Lompat ke isi utama

Berita

Tutup Rangkaian “Ngabuburit Pengawasan”, Bawaslu Kendal Perkuat Integritas dan Sinergi Demokrasi

Tutup Rangkaian “Ngabuburit Pengawasan”, Bawaslu Kendal Perkuat Integritas dan Sinergi Demokrasi

KENDAL – Badan Pengawas Pemilihan Umum (Bawaslu) Kabupaten Kendal resmi menutup rangkaian kegiatan "Ngabuburit Pengawasan" tahun 2026 pada bulan Ramadan ini, Acara yang bertajuk "Refleksi Pengawasan: Sinergi dalam Bakti, Suci dalam Hati" ini menjadi momentum penting bagi jajaran pengawas untuk merefleksikan nilai-nilai integritas dalam menjalankan tugas pelayanan demokrasi.

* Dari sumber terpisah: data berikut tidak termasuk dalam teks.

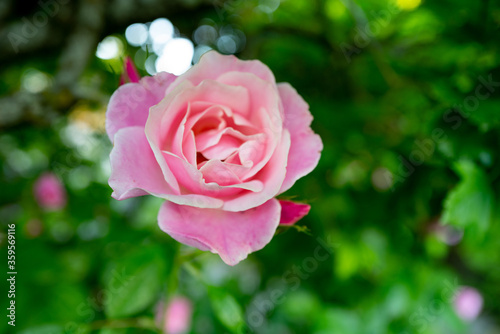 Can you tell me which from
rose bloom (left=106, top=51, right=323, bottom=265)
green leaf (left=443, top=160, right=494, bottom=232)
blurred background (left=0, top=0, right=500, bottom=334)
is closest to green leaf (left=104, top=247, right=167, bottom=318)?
blurred background (left=0, top=0, right=500, bottom=334)

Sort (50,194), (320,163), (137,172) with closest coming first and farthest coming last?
(137,172)
(320,163)
(50,194)

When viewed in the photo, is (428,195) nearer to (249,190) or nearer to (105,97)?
(249,190)

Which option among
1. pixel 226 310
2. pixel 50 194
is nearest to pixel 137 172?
pixel 226 310

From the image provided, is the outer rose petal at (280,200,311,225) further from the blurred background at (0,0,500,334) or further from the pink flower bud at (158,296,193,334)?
the pink flower bud at (158,296,193,334)

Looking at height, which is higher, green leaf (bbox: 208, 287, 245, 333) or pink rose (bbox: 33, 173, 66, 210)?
green leaf (bbox: 208, 287, 245, 333)

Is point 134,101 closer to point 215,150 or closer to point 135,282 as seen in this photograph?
point 215,150

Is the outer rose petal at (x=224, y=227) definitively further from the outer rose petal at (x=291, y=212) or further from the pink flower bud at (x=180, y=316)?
the pink flower bud at (x=180, y=316)

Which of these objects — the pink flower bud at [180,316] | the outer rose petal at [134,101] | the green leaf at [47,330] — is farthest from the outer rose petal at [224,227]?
the pink flower bud at [180,316]

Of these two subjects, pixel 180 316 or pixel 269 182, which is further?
pixel 180 316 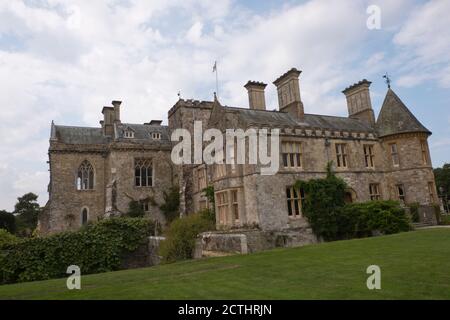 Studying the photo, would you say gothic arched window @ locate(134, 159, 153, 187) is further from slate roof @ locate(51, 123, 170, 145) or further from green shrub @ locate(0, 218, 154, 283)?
green shrub @ locate(0, 218, 154, 283)

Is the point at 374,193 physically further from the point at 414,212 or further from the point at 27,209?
the point at 27,209

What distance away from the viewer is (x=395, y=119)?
25.5 m

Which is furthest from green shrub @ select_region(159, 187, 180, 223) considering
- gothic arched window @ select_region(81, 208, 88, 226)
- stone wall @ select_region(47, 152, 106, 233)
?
gothic arched window @ select_region(81, 208, 88, 226)

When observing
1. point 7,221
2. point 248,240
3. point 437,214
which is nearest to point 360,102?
point 437,214

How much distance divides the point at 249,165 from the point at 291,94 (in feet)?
25.6

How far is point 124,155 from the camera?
110 feet

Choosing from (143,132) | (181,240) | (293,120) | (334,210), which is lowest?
(181,240)

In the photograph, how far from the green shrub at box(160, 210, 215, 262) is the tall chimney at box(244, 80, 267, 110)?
1028 centimetres

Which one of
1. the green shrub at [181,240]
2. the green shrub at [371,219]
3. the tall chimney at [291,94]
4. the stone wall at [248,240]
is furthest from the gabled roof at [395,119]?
the green shrub at [181,240]

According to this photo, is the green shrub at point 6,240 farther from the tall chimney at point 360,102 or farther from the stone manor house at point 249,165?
the tall chimney at point 360,102

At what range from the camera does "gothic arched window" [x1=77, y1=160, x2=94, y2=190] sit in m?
33.1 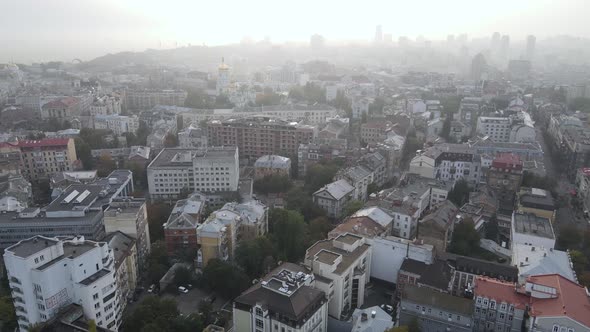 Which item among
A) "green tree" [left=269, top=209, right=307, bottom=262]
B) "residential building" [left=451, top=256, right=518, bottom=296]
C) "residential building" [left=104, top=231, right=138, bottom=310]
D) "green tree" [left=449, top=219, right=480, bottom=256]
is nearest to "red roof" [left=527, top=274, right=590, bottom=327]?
"residential building" [left=451, top=256, right=518, bottom=296]

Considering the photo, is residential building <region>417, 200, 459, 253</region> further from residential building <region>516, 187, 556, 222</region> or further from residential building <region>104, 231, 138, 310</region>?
residential building <region>104, 231, 138, 310</region>

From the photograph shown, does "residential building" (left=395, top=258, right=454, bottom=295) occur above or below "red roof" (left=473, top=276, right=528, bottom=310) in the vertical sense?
below

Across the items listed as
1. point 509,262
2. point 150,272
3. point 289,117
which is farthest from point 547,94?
point 150,272

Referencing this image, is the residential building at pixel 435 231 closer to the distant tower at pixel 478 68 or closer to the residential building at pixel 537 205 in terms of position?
the residential building at pixel 537 205

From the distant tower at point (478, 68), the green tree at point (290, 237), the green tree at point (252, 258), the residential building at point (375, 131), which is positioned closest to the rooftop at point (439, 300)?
the green tree at point (252, 258)

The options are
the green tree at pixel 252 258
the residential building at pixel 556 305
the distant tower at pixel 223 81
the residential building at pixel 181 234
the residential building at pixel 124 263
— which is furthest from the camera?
the distant tower at pixel 223 81

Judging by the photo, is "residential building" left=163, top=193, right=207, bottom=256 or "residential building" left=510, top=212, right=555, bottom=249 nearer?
"residential building" left=510, top=212, right=555, bottom=249

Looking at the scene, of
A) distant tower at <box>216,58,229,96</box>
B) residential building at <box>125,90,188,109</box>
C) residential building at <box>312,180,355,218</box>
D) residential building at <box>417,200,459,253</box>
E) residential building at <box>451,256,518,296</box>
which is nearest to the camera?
→ residential building at <box>451,256,518,296</box>

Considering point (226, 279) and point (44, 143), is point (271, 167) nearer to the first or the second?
point (226, 279) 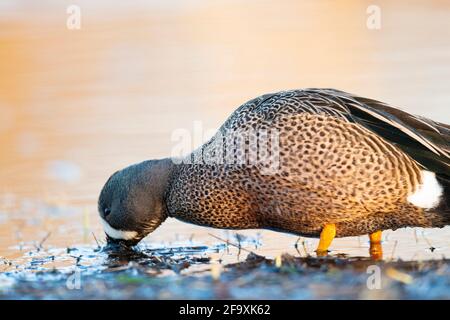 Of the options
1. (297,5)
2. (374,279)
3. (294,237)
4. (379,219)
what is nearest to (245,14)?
(297,5)

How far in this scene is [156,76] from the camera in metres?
10.8

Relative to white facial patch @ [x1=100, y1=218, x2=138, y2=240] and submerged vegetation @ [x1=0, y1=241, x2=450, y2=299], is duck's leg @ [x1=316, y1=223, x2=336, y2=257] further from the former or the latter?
white facial patch @ [x1=100, y1=218, x2=138, y2=240]

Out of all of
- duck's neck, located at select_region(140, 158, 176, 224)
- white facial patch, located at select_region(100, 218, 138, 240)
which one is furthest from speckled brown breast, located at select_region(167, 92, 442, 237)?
white facial patch, located at select_region(100, 218, 138, 240)

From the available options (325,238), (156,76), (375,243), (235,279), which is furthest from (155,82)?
(235,279)

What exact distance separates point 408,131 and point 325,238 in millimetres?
815

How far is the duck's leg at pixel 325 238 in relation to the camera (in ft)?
18.8

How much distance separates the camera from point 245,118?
575 centimetres

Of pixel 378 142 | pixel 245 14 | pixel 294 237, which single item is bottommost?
pixel 294 237

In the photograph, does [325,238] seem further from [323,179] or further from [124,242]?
[124,242]

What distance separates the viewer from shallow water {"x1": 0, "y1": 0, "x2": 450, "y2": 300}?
6.60m

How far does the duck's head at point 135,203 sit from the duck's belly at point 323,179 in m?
0.57

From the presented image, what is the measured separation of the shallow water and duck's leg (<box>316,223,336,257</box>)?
24 cm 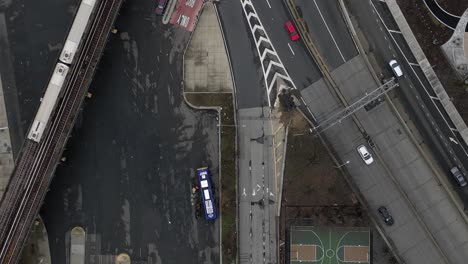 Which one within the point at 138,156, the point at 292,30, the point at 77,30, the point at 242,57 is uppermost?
the point at 292,30

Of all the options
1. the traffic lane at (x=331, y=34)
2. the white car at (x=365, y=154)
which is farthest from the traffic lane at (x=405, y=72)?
the white car at (x=365, y=154)

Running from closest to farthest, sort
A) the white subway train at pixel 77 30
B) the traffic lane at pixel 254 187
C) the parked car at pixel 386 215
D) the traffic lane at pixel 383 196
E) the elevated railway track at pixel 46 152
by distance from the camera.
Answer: the white subway train at pixel 77 30 → the elevated railway track at pixel 46 152 → the parked car at pixel 386 215 → the traffic lane at pixel 383 196 → the traffic lane at pixel 254 187

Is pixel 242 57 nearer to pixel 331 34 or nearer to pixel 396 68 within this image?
pixel 331 34

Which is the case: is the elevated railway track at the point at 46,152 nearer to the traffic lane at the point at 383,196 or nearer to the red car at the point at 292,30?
the red car at the point at 292,30

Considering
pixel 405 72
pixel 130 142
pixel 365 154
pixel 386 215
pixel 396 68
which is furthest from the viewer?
pixel 130 142

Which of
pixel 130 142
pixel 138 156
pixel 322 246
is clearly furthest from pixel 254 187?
pixel 130 142

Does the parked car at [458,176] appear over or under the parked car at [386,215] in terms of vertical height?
over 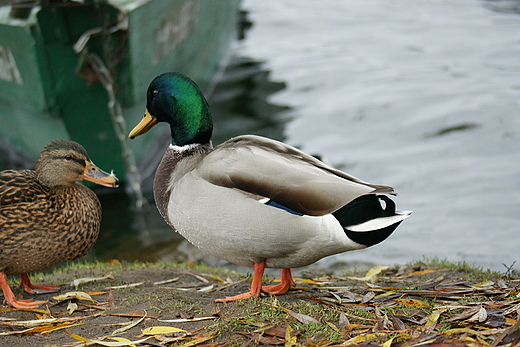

Ketua Bawaslu Kabupaten Kendal, Hevy Indah Oktaria, dalam sambutannya menyampaikan bahwa kegiatan ini bukan sekadar pengisi waktu menjelang berbuka, melainkan ruang untuk mempererat silaturahmi, berbagi pengetahuan, serta memperkuat nilai kebersamaan. Ia menekankan bahwa pelajaran utama dari ibadah puasa adalah kejujuran dan pengendalian diri, yang sangat relevan dengan tugas pengawasan pemilu.

“Puasa mengajarkan kita tentang integritas, yaitu melakukan hal yang benar meskipun tidak ada orang yang melihat. Nilai ini sangat relevan dengan tugas kita sebagai pengawas dalam menjaga kualitas demokrasi,” ujar Hevy Indah Oktaria dalam acara penutupan tersebut. Beliau juga menambahkan bahwa amanah pengawasan merupakan tanggung jawab besar, baik kepada lembaga, masyarakat, maupun kepada Tuhan.

Selain penguatan personal, kegiatan ini juga menjadi ajang penguatan organisasi. Bawaslu Kendal terus berkomitmen membangun kapasitas sumber daya manusia (SDM) agar semakin solid, profesional, dan disiplin dalam melayani demokrasi. Momentum Ramadan ini juga dimanfaatkan untuk mendorong pengawasan partisipatif dengan melibatkan masyarakat secara aktif.

Dalam aspek teknis, Bawaslu Kendal menegaskan bahwa setiap langkah pengawasan harus berlandaskan pada koridor hukum dengan menjunjung tinggi nilai keadilan dan kebijaksanaan. Di era informasi saat ini, ketelitian, akurasi data, dan transparansi dalam penanganan pelanggaran menjadi kunci utama untuk menjaga kepercayaan publik.